<<<<
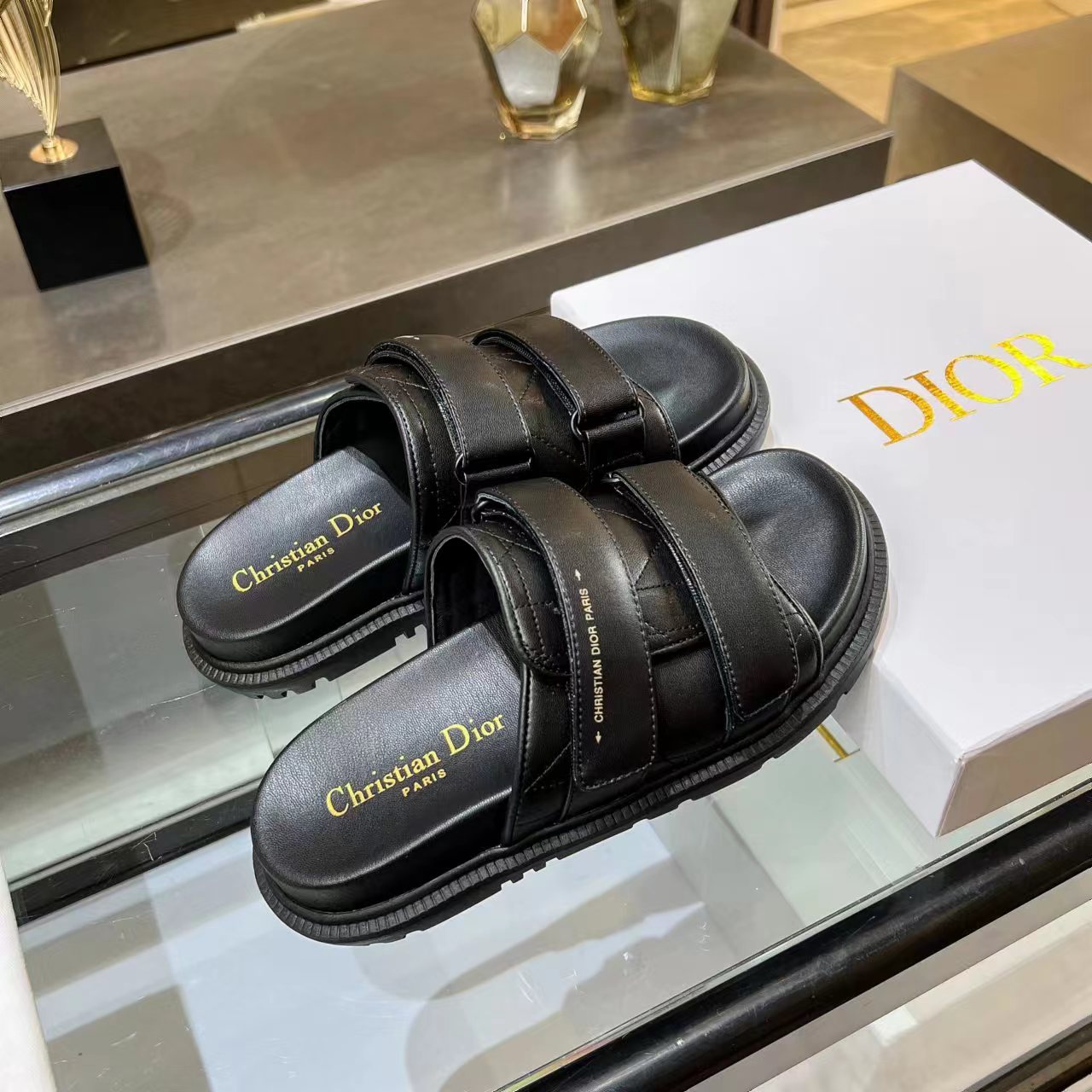 Dior Evolution Slide - DopestKickz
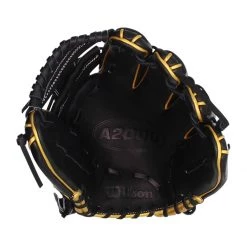 Budget 👍 Wilson A2000 H75 11.75" Fastpitch Softball Glove: WBW1002071175 Black, Gold 🔥 13 Budget 👍 Wilson A2000 H75 11.75" Fastpitch Softball Glove: WBW1002071175 Black, Gold 🔥 -Glovegear Store f00d 09 20 wilson a2000 h75 11 75 fastpitch softball glove wbw1002071175 33629 6 l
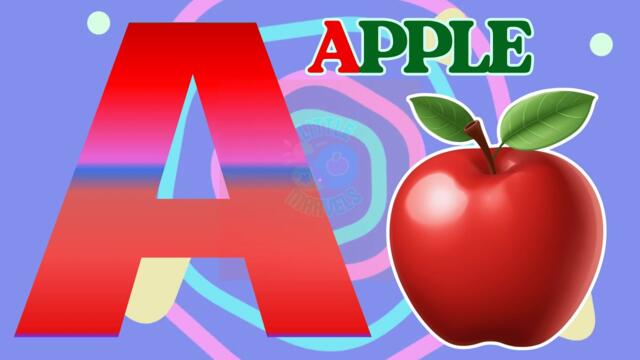 Pre Nursery Videos for Toddlers and Kids | ABC Phonics Song | 123 Numbers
>>>>
TASK GOAL: Wherever a picture appears in the data, please drop it and retype the rest exactly.

THE ANSWER:
 Dior Evolution Slide - DopestKickz
 Budget 👍 Wilson A2000 H75 11.75" Fastpitch Softball Glove: WBW1002071175 Black, Gold 🔥 13 Budget 👍 Wilson A2000 H75 11.75" Fastpitch Softball Glove: WBW1002071175 Black, Gold 🔥 -Glovegear Store f00d 09 20 wilson a2000 h75 11 75 fastpitch softball glove wbw1002071175 33629 6 l
 Pre Nursery Videos for Toddlers and Kids | ABC Phonics Song | 123 Numbers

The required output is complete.